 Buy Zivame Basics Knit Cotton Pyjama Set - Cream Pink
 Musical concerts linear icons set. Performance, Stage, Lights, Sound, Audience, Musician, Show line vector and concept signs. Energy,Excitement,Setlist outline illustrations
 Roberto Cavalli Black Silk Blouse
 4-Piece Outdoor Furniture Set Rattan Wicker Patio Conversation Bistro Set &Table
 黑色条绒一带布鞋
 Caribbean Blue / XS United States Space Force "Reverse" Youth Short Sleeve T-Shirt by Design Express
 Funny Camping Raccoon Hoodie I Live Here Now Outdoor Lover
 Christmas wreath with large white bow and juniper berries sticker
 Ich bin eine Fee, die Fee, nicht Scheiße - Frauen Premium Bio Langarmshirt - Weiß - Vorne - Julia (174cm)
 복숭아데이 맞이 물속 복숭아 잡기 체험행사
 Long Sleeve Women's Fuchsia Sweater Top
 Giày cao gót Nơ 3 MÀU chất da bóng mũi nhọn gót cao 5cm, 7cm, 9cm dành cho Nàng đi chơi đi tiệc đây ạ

────────────────────

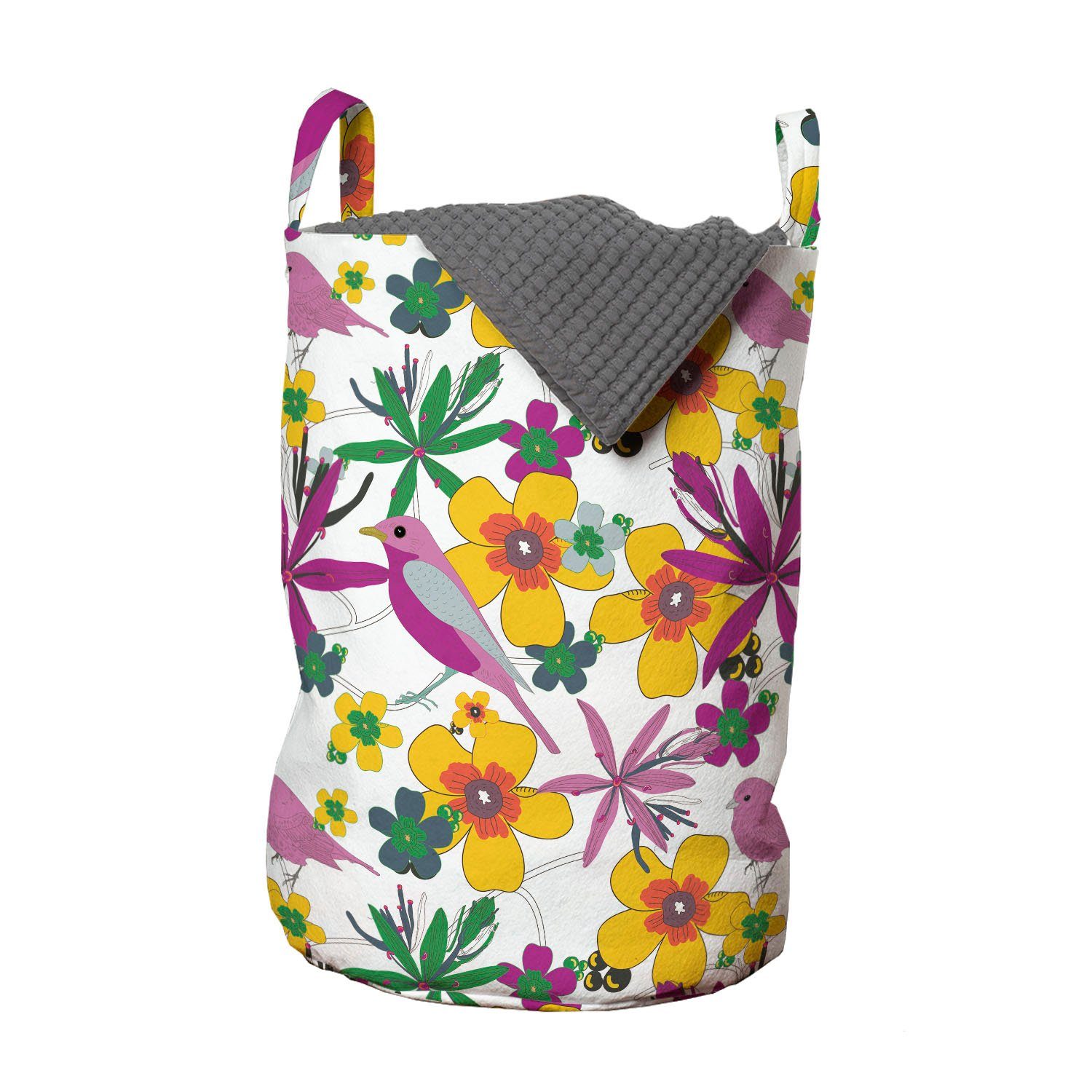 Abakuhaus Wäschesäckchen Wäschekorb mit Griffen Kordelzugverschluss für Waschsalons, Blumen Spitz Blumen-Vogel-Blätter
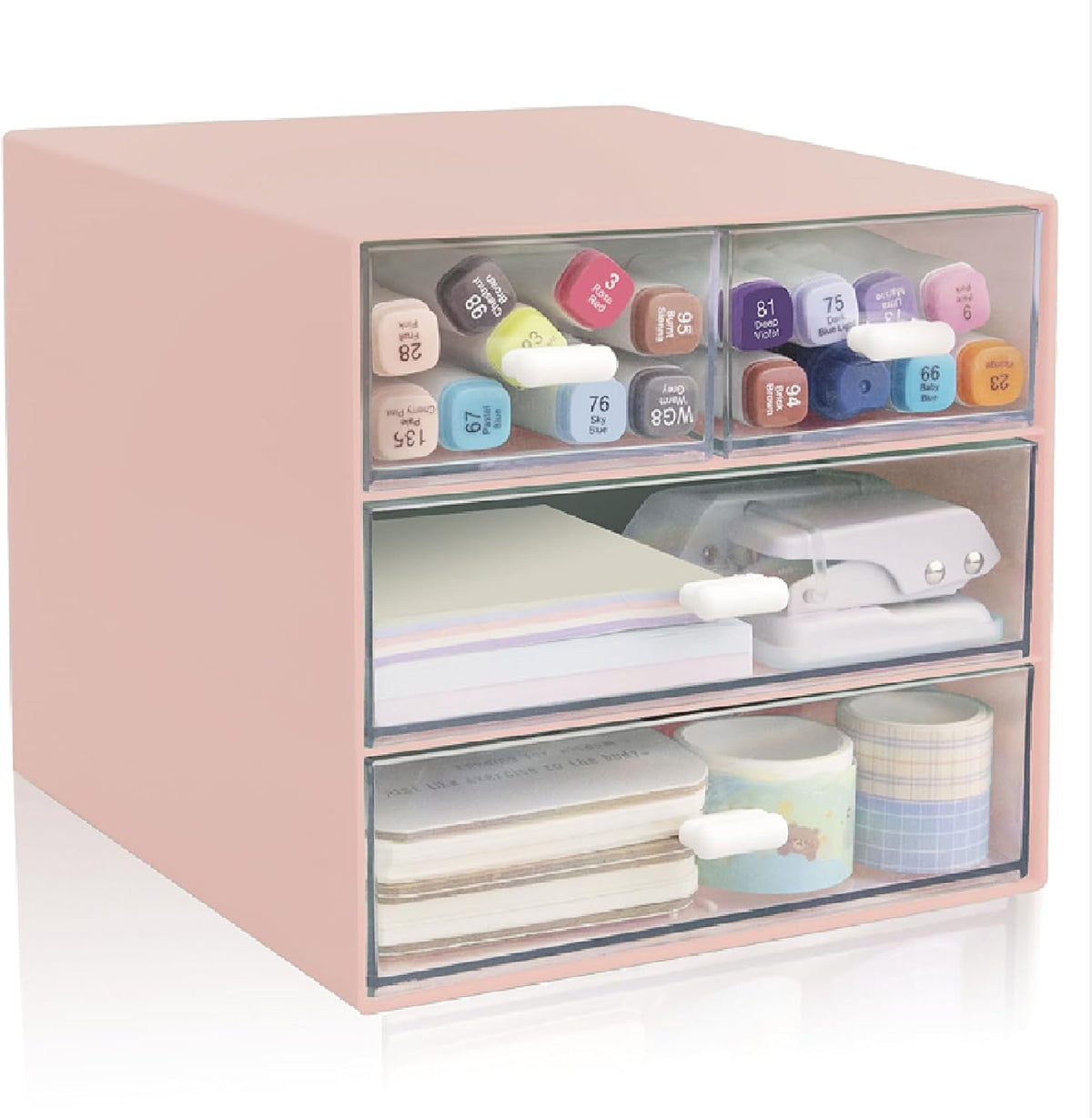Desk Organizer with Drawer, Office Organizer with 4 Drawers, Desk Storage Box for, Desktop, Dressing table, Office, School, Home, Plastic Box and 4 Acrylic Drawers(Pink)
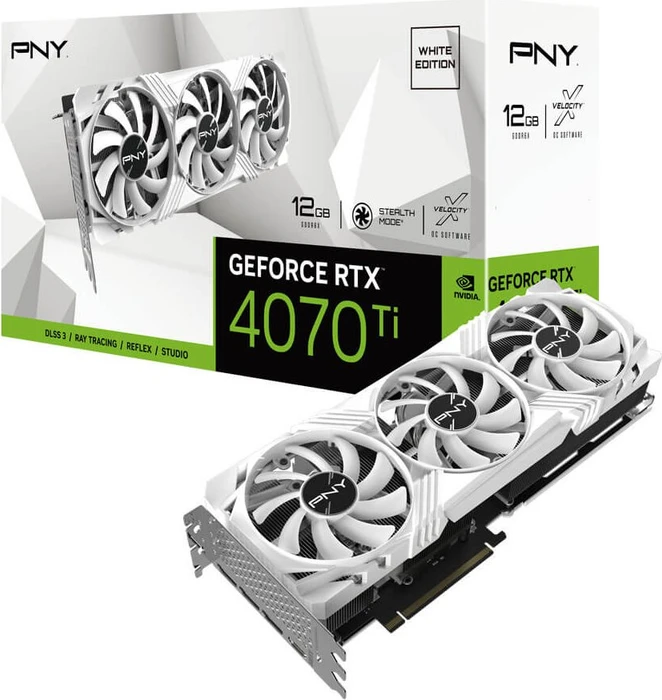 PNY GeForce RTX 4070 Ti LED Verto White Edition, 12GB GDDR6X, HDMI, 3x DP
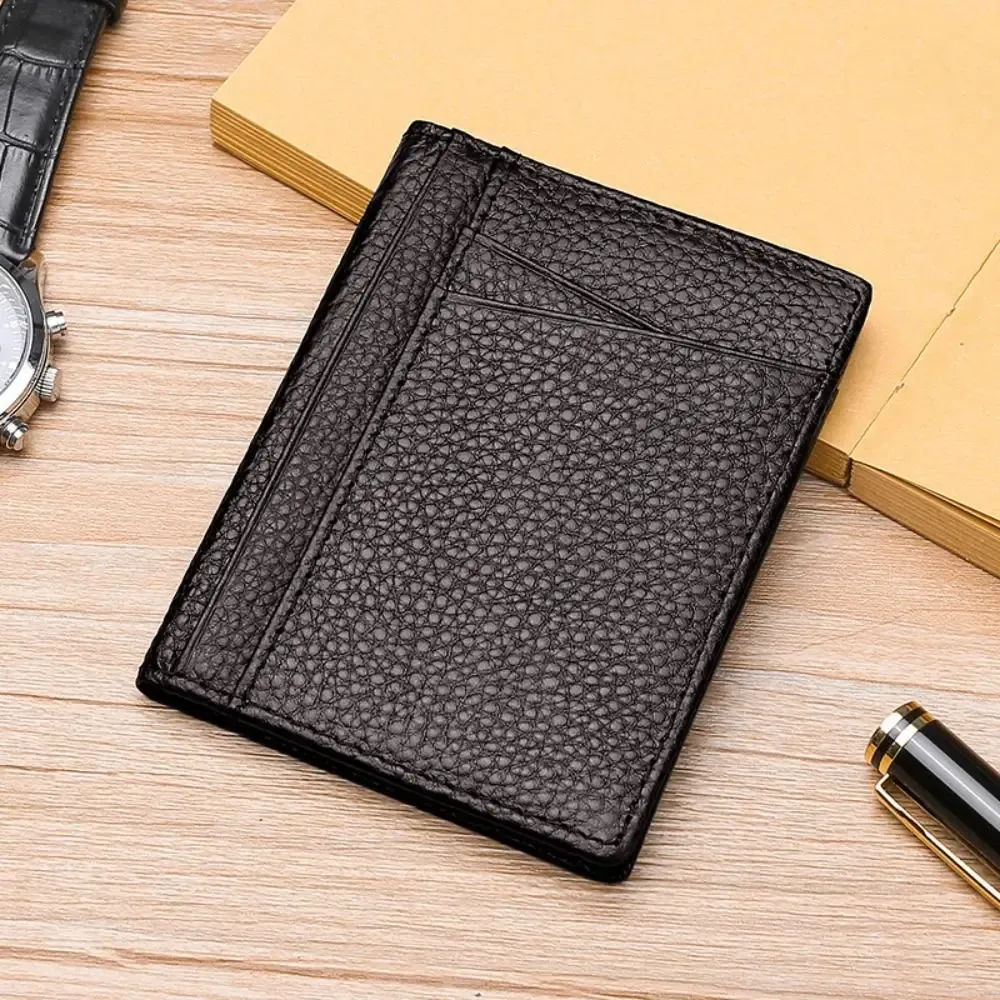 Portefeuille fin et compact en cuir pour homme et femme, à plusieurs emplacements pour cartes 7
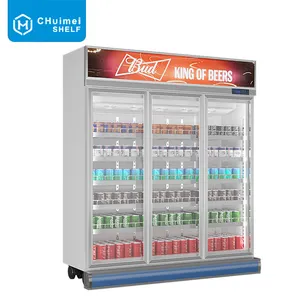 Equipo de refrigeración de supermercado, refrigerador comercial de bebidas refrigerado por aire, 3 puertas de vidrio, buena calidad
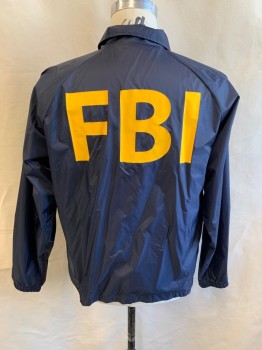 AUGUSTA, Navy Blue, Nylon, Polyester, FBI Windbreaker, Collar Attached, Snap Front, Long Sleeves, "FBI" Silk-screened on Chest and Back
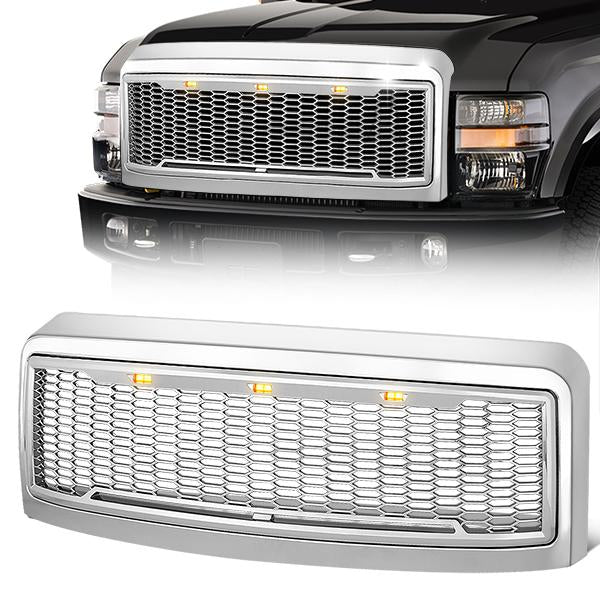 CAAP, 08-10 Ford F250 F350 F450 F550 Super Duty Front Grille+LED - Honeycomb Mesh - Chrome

────────────────────

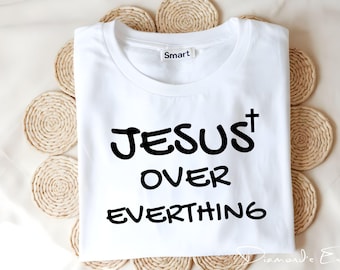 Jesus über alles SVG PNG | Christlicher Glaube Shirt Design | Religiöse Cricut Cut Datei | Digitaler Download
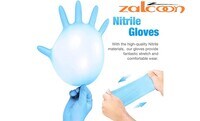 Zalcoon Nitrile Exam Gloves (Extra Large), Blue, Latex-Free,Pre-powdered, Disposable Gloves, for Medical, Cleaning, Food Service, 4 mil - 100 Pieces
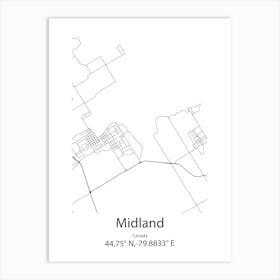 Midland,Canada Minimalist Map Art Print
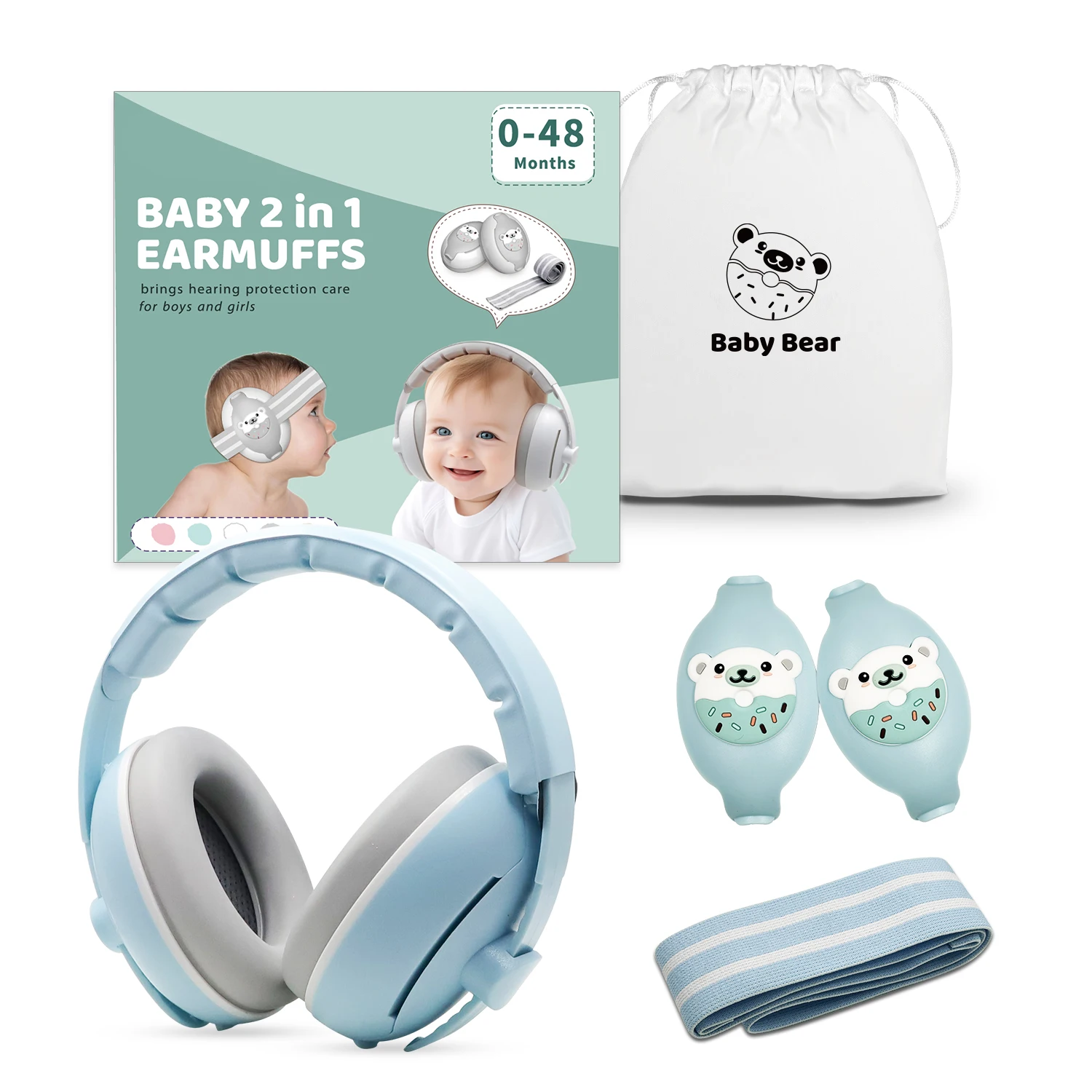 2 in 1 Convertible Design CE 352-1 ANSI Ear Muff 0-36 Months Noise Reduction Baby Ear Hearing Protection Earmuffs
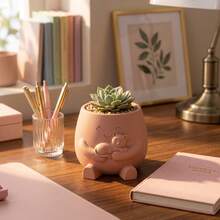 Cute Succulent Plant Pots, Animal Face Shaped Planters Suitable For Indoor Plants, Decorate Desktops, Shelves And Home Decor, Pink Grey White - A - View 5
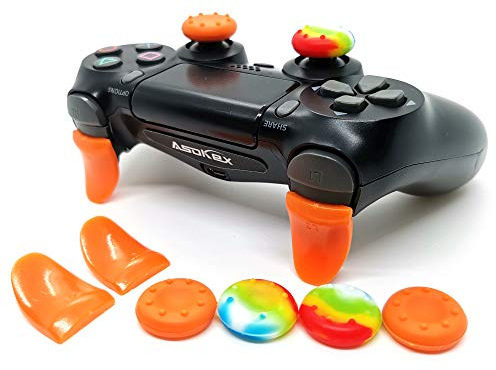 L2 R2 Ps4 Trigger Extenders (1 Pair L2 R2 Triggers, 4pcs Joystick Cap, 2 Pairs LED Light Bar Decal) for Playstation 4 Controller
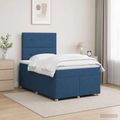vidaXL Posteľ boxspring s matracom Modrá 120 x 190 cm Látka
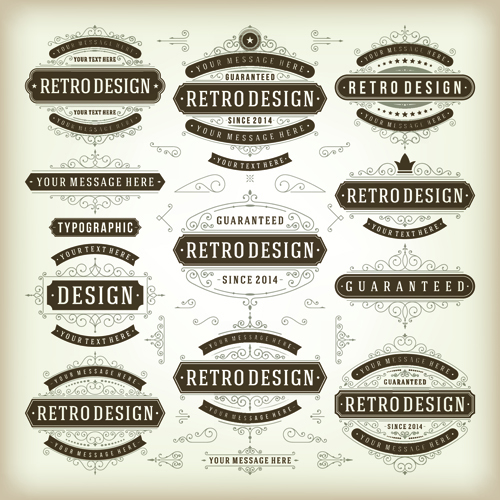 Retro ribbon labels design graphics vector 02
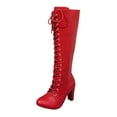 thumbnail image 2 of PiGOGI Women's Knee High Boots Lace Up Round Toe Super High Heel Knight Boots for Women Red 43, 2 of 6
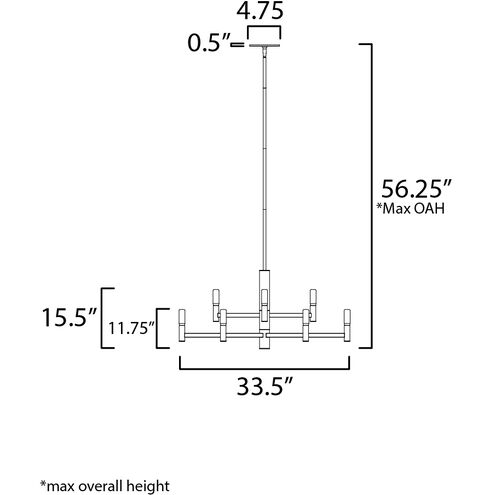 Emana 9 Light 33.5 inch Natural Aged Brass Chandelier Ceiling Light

────────────────────

• **WHAT YOU WILL DO**: Within the listing above, the lines starting at the one containing "L2 R2 Ps4 Trigger" and ending at the one containing "Emana 9 Light" are to be returned exactly. Omit the pictures.

• **TASK OUTPUT**:
 L2 R2 Ps4 Trigger Extenders (1 Pair L2 R2 Triggers, 4pcs Joystick Cap, 2 Pairs LED Light Bar Decal) for Playstation 4 Controller
vidaXL Posteľ boxspring s matracom Modrá 120 x 190 cm Látka
 Retro ribbon labels design graphics vector 02
 thumbnail image 2 of PiGOGI Women's Knee High Boots Lace Up Round Toe Super High Heel Knight Boots for Women Red 43, 2 of 6
 Emana 9 Light 33.5 inch Natural Aged Brass Chandelier Ceiling Light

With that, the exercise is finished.